Nonetheless, back when I used to be stuck with whatever NPR show hit the airwaves at the particular time I was out running or driving, I occasionally found myself listening with interest to something that I was initially certain I wouldn’t like. Not being a sports fan, I tried to avoid “Only a Game,” and yet dozens of times I would be stuck listening to it anyway and discover a story about a high school team facing an unusual challenge or a new book about female basketball players and find myself really intrigued. Now that I can choose only those broadcasts I most want to hear rather than “browsing” the radio, I never have to listen to anything boring, but I also never find myself surprised by things I thought would be boring (sports stories, technology stories, BBC features) but aren’t.

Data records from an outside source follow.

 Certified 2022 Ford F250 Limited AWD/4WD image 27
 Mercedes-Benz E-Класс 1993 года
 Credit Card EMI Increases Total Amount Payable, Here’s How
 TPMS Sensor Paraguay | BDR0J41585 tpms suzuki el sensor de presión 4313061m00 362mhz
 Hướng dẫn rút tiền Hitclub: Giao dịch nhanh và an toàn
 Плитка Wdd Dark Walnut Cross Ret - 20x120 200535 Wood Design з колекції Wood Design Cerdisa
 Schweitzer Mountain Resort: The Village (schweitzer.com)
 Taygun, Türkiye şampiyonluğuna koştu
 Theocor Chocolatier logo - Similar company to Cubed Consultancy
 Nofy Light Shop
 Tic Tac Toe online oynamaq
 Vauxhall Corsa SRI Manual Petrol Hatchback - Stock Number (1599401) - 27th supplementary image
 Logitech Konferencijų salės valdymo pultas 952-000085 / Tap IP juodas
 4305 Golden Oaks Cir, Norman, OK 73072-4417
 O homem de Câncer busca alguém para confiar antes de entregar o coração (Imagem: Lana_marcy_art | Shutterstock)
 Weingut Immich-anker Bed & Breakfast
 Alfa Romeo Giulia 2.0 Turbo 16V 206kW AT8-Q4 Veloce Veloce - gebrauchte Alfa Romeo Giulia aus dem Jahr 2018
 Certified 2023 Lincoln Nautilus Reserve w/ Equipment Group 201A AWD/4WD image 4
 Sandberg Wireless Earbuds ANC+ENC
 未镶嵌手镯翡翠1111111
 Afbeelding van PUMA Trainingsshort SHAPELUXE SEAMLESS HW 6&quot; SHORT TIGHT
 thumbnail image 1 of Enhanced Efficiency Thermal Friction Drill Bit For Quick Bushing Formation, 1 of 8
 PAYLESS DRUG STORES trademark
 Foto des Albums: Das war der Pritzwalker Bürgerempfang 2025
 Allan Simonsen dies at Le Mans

This is one reason I’ve refused to give up my newspaper subscription even though I know the same content in available on line. Once I can click directly on the articles I know I want to read, I’ll lose the benefit of random headlines: my eye first skimming over a headline, then going back for a closer look, then reading the entire article. I’d spend a lot less time reading an on-line newspaper, knowing precisely which topics and sections matter most to me. But I’d skip a lot too, the same things that now I sometimes plan to skip and find myself reading anyway.

Being able to home in directly on what it is that you want to read or listen to definitely saves time. Back when I used to browse the library or bookstore shelves, there were a lot of misses. Fifty pages into a book (I always make myself stick with the first 50 pages), I’d often decide I wasn’t sufficiently engrossed to continue. Now that I read pre-selected books, that doesn’t happen much anymore; I almost never waste time on a book I don’t end up finishing.

But I also miss a lot. A few weeks ago, I found myself in the unusual position of having nothing left in my “to be read” stack and nothing in yet at the library from my reserve list. So I headed to the bookstore to browse, just to see what might look interesting that I hadn’t already decided I wanted to read. And I re-discovered how satisfying it was to gaze at all the possibilities, the hundreds of books I could choose to read or not read, all the volumes to pick up, glance through, put back or keep. It may not be the most efficient use of time, but on that particular afternoon it felt great to be browsing again.